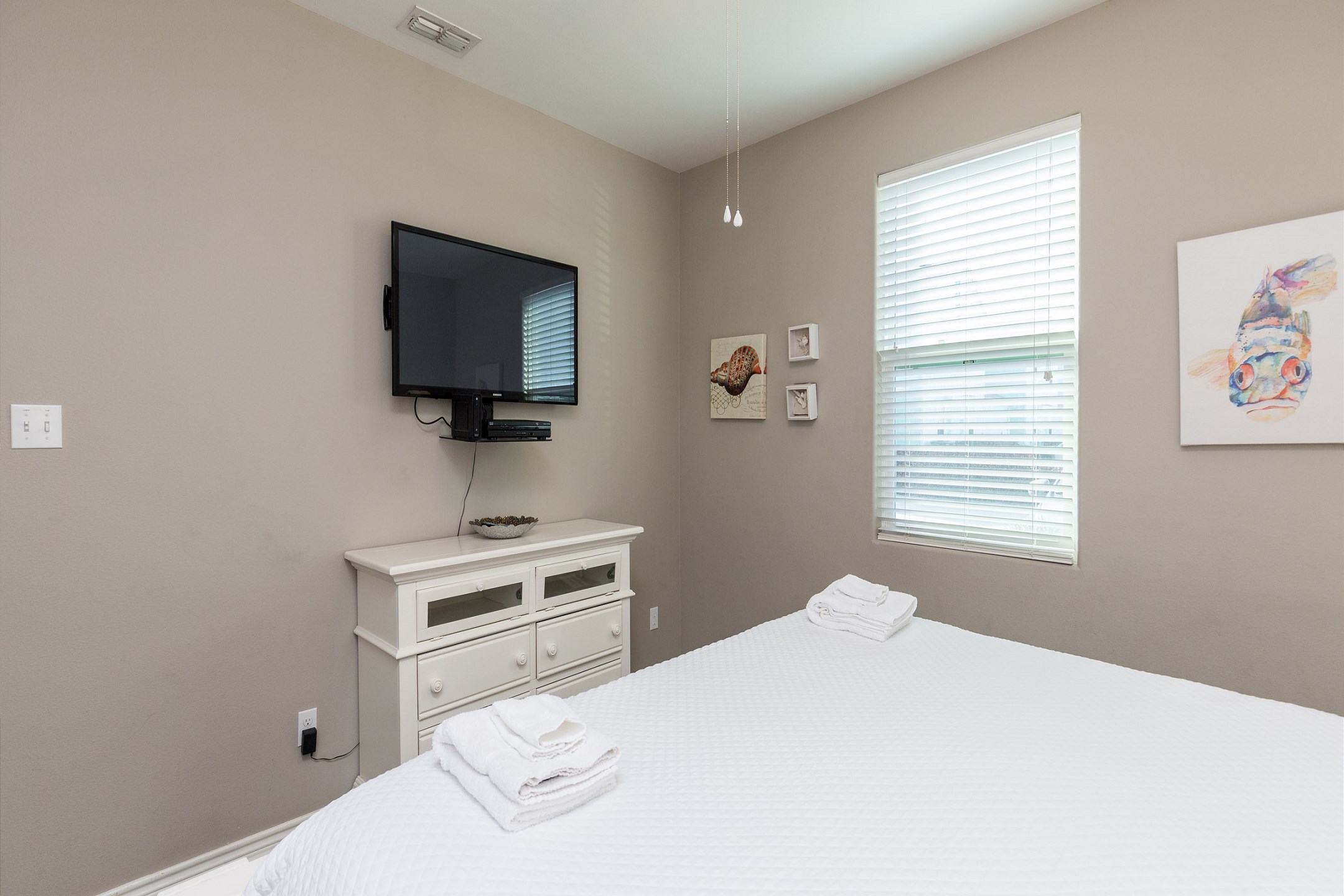 Master bedroom on the first floor with king size bed and flat screen TV 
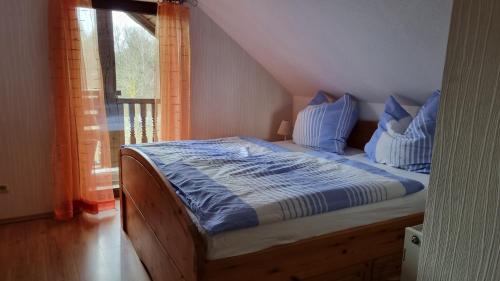 a bedroom with a bed with blue sheets and a window at Altmarkblick in Erbenhausen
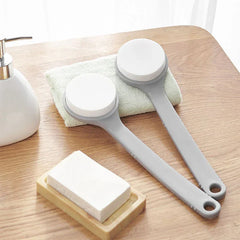 Loofah - Two long-handled bath brushes resting on a folded light green washcloth, arranged on a wooden countertop alongside bar soap and a soap dispenser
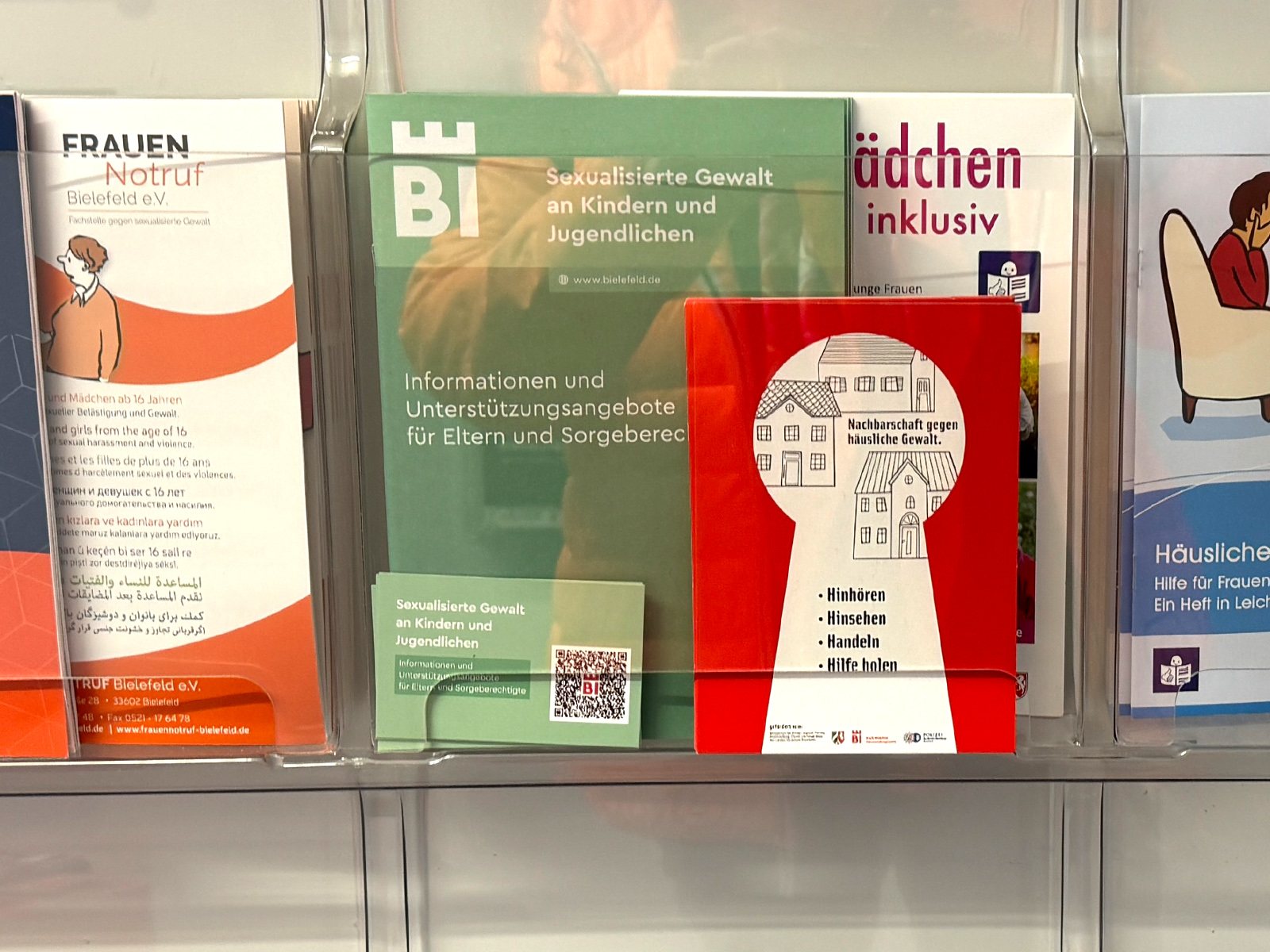 Foto: Die rote Postkarte „Nachbarschaft gegen häusliche Gewalt.“ steckt in einem Prospektständer zwischen anderen Informationsflyern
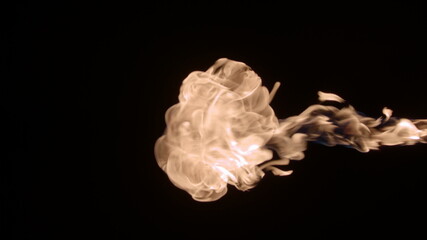 Slow-motion video of fire and flames. A fire pit, burning gas or gasoline burns with fire and flames. A hellish glow of fire in the dark with copy space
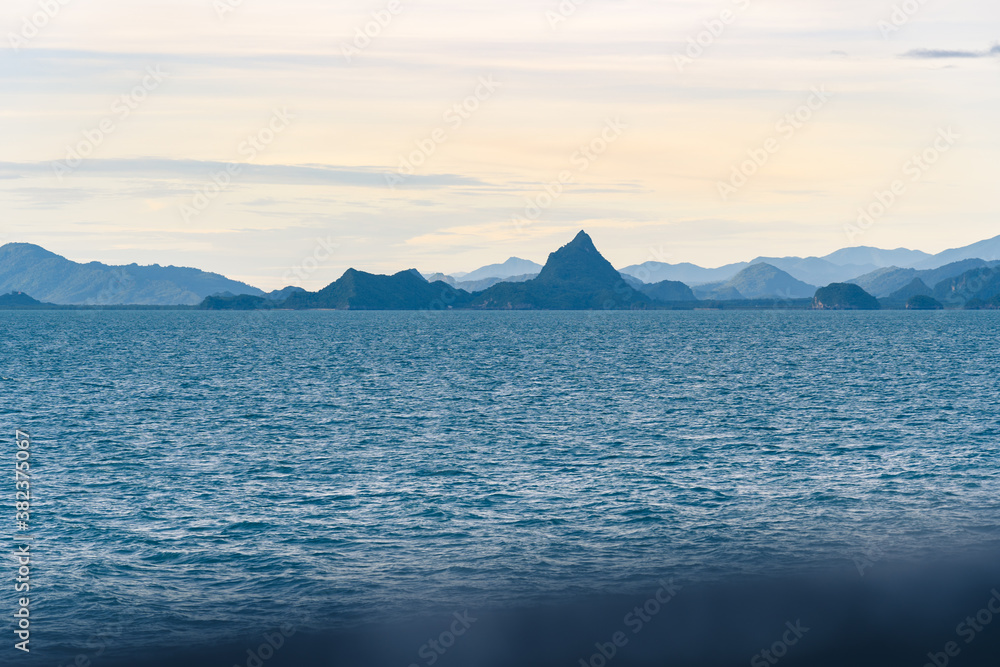 Panorama of the sea lagoon with islands and mountains at sunrise. View from ferry boat.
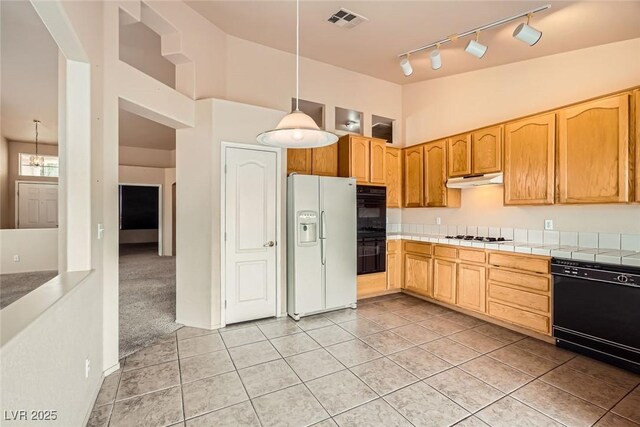 9532 Calico Garden Ave, Las Vegas, NV 89134 - kitchen featuring black appliances, track lighting, light tile patterned flooring, and tile countertops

·····

### Your instructions
Without the images, output all the entries exactly as they stand.

### Solution to the problem
 Master bedroom on the first floor with king size bed and flat screen TV 
 a bedroom with a bed with blue sheets and a window at Altmarkblick in Erbenhausen
 Loofah - Two long-handled bath brushes resting on a folded light green washcloth, arranged on a wooden countertop alongside bar soap and a soap dispenser
 Foto: Die rote Postkarte „Nachbarschaft gegen häusliche Gewalt.“ steckt in einem Prospektständer zwischen anderen Informationsflyern
 Slow-motion video of fire and flames. A fire pit, burning gas or gasoline burns with fire and flames. A hellish glow of fire in the dark with copy space
 Panorama of the sea lagoon with islands and mountains at sunrise. View from ferry boat.
 9532 Calico Garden Ave, Las Vegas, NV 89134 - kitchen featuring black appliances, track lighting, light tile patterned flooring, and tile countertops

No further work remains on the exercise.